--- START ---
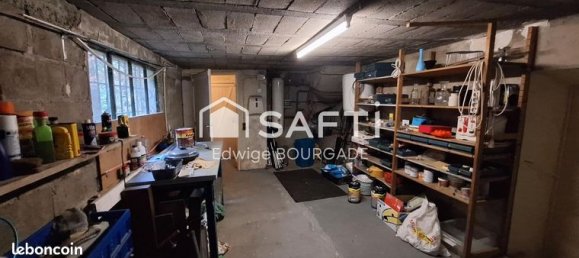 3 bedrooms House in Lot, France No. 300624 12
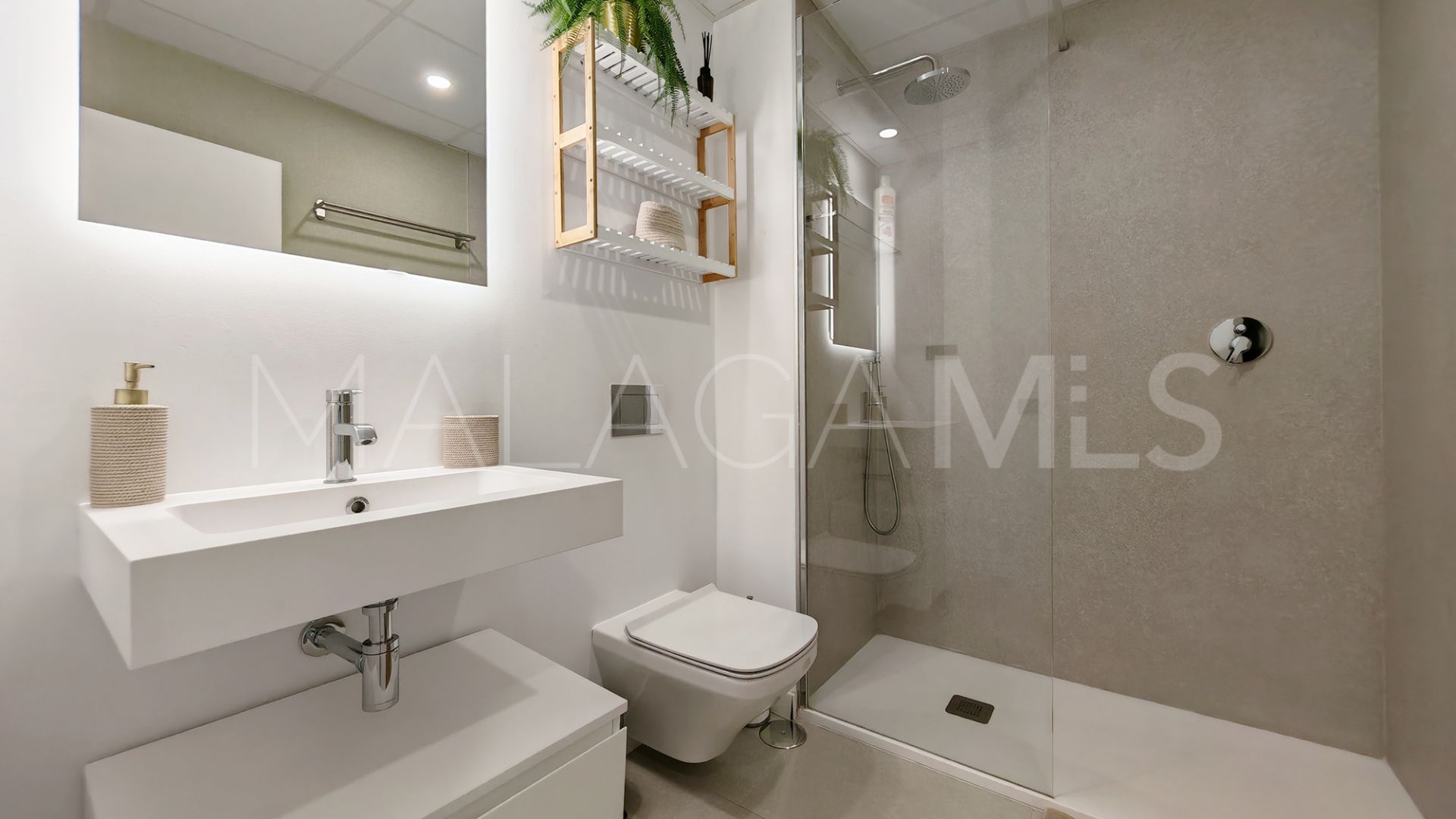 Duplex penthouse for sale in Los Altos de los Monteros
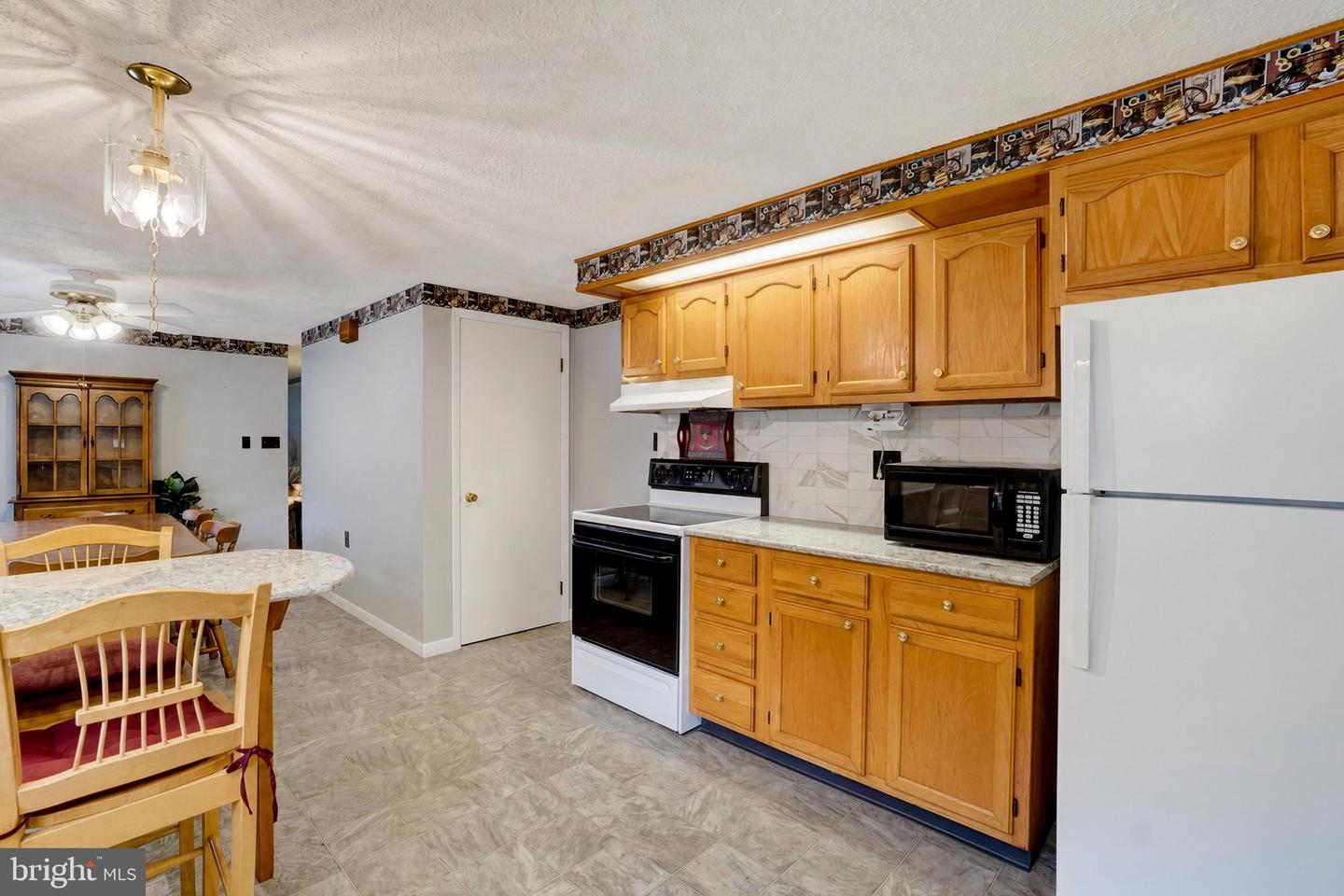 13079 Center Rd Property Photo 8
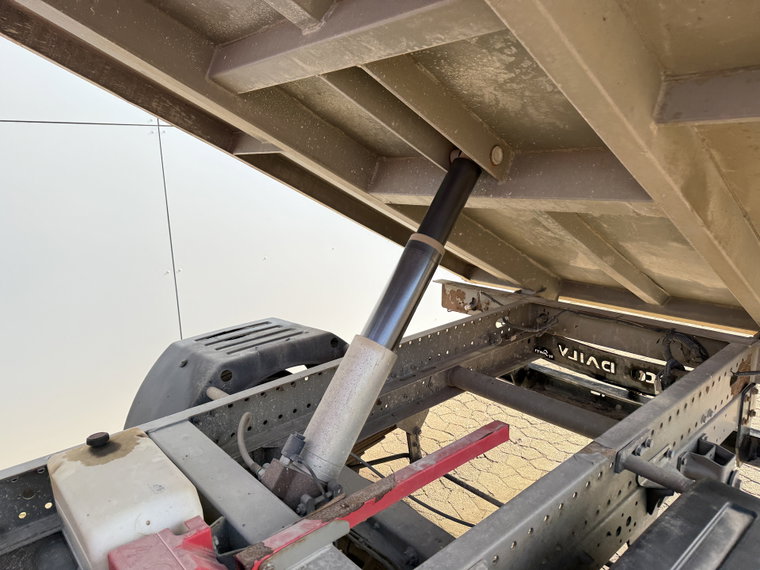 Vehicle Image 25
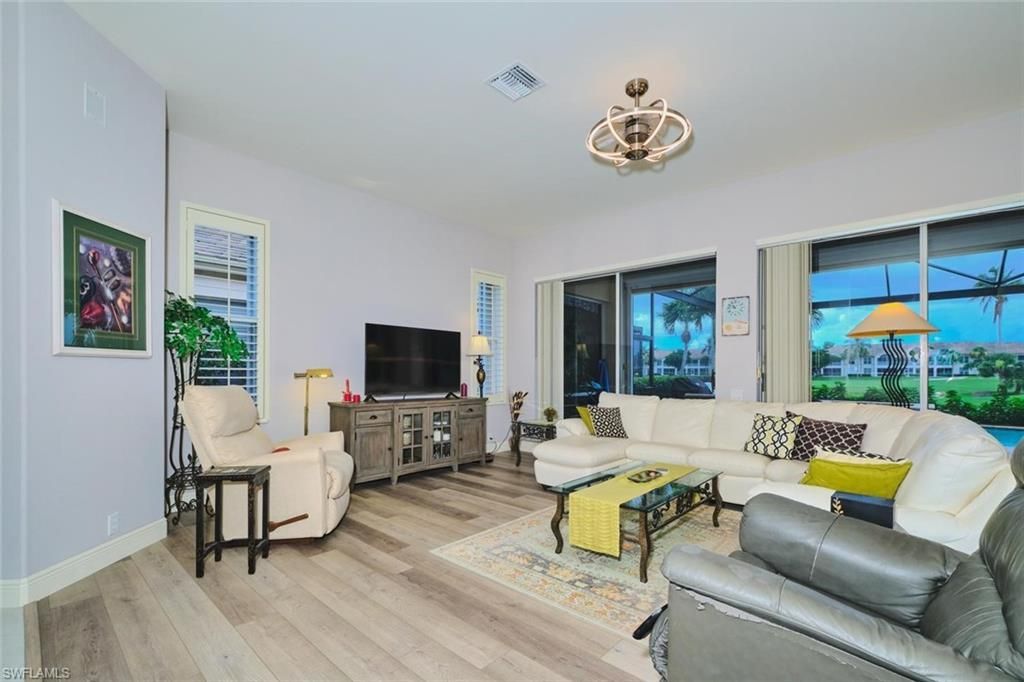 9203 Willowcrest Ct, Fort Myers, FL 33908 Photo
--- END ---
_TASK BRIEF_
The required answer is every line from the one containing "13079 Center Rd Property Photo 8" through the last line of the entries, restated word for word and with no pictures.

_RESPONSE_
 13079 Center Rd Property Photo 8
 Vehicle Image 25
 9203 Willowcrest Ct, Fort Myers, FL 33908 Photo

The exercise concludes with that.